Bandeiras como estas, a meu ver relembram aquela levantada por Pedro no cenáculo, onde os discípulos, acompanhados por Jesus, gozavam de momentos de tranqulidade, comunhão e amor, sem, no entanto, saber o que estava por vir, quando, conta a passagem bíblica do Evangelho de João 13: 31-38, Pedro indagava a razão de não poder seguir a Jesus naquele momento (ele não sabia que aquele era o momento crucial, em que Jesus seria entregue à morte), porém, afirmando com determinação: “Darei a minha vida por ti” (v. 37).     
Pedro afirmara isso, mas, no instante em que Jesus foi preso, depararia-se com o contraste do “clima” lá fora: um povo repleto de fanáticos religiosos, enfurecidos e sedentos pela “cabeça” do judeu desertor e de seus seguidores, que já haviam “pervertido” a tantos outros, agora “inimigos” do judaísmo. Nestas horas, a paixão urge converter-se em omissão. E foi o que aconteceu com Pedro, que no caso literalmente negou ser um dos seguidores de Jesus. Ele pode ter sido indubitavelmente sincero em tudo o que disse, porém, não conhecia a si mesmo.                                                               &nbs! p;                      
Conosco não é muito diferente. Quando estamos em vigílias de oração, na compania de outros irmãos, ou mesmo em confortantes momentos de louvor e adoração, fazemos declarações de amor a Deus, “juramos” ser apaixonados por Jesus, levantamos a bandeira do evangelho e fazemo-nos abnegados. Contudo, quando recebemos os impactos das agruras que fazem parte da vida, quando nos deparamos com a oposição de outras pessoas em relação à nossa confessionalidade, ou em meio a circunstâncias práticas e difíceis em que nosso testemunho cristão deveria fazer-se evidente, tão logo, seja por uma questão de preservação de nossa imagem ou de nossa auto-estima, assim como Pedro, temos “lapsos” de omissão que nos fazem esquecer de nossas tão apaixonadas promessas, afinamos e, assim, decepcionamos a Jesus e traímos sua confiança.
Não há nenhum mal em que se diga apaixonado por Jesus (aliás, paixão e motivação são o que mais tem nos faltado quando se tratam das “coisas” de Deus). Entretanto, esta paixão deve ser elevada às dimensões práticas da vida cristã, ou seja, deve não somente permanecer no nível da abstração ou do “discurso”, não passando muitas vezes de um emblema sem significado real ou de uma fraseologia hipócrita, mas desembocar em uma práxis reflexiva, consciente e que considere o serviço a Deus e ao próximo como uma das expressões inequívocas dessa paixão.

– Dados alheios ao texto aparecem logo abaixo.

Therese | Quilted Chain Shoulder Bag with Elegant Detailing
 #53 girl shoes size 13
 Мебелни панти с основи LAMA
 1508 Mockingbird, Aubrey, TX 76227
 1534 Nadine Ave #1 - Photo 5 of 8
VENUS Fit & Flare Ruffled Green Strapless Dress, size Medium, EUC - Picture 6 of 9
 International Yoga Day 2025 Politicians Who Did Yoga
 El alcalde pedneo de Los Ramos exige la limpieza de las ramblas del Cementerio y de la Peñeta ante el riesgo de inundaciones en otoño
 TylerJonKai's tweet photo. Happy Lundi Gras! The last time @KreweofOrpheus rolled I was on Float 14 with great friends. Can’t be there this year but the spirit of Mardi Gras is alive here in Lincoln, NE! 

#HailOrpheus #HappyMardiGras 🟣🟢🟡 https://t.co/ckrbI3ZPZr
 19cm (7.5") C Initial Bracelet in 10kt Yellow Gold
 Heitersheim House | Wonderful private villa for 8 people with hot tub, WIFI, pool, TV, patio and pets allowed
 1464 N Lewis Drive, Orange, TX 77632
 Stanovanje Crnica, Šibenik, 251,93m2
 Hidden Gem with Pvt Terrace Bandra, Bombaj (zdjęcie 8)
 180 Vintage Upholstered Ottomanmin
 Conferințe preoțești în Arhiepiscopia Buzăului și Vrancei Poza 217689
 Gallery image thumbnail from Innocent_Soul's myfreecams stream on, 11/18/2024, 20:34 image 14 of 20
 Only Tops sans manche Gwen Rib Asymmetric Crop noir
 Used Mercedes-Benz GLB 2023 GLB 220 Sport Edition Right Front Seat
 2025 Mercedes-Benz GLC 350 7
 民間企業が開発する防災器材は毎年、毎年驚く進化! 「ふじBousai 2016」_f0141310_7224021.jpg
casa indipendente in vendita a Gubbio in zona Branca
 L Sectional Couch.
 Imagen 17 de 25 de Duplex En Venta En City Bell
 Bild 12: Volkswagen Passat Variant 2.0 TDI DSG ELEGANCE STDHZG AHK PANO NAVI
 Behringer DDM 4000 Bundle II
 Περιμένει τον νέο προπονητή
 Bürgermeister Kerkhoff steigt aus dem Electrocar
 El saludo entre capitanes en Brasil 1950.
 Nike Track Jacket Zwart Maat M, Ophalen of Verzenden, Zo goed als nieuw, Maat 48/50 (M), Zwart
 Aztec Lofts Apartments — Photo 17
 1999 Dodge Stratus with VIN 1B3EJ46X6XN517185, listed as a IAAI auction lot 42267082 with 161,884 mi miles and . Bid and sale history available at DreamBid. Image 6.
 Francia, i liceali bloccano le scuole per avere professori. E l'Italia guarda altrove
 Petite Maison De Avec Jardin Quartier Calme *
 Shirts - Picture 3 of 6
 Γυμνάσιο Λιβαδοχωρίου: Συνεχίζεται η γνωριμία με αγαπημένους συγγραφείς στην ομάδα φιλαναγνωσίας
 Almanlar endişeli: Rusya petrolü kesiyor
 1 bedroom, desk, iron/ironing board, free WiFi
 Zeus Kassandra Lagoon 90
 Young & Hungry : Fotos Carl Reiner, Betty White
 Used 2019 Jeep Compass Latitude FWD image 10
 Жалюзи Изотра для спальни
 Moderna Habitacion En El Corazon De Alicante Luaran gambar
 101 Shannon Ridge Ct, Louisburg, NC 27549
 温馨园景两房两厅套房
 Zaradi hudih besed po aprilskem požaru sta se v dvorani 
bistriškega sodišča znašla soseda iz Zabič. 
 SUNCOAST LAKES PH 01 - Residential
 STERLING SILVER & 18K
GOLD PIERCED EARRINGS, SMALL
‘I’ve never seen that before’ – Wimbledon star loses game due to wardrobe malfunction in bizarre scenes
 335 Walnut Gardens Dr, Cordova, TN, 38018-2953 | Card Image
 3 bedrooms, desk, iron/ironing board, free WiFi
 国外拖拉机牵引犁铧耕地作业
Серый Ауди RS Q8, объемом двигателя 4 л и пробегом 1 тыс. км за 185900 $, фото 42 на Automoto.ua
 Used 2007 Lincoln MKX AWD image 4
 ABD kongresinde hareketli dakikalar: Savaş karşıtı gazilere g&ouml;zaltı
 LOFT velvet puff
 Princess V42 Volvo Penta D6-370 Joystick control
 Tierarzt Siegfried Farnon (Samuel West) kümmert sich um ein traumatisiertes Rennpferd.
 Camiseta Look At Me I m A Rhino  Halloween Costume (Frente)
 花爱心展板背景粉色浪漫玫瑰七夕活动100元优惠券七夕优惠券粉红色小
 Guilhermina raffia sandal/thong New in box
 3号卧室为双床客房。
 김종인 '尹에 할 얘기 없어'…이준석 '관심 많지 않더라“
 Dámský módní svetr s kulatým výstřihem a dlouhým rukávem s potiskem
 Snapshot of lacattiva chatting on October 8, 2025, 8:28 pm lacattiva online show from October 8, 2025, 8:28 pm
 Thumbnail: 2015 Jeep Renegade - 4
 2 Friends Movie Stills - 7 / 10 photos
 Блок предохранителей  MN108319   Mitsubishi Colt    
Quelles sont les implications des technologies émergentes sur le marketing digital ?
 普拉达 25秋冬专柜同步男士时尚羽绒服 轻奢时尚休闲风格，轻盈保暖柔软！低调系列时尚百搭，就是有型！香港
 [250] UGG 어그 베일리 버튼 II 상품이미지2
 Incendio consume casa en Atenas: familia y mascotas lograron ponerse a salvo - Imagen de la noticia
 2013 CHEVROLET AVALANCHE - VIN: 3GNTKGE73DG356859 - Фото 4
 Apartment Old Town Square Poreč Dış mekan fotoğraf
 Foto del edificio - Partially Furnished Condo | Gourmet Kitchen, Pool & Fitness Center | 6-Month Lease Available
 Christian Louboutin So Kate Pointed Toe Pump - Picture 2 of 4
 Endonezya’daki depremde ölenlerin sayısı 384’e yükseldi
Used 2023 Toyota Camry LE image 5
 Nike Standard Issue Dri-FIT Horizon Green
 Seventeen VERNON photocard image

Sobretudo, é necessário que sejamos honestos com Deus e consigo mesmos; que reconheçamos a linha tênue que separa momentos de fervor e paixão, da tentação de sermos omissos: quanto a vontade de Deus, quanto a dura, e tantas vezes diabólica, realidade que temos vivido em nosso país, quanto às necessidades do outro, enfim, quanto a nossa missão como igreja.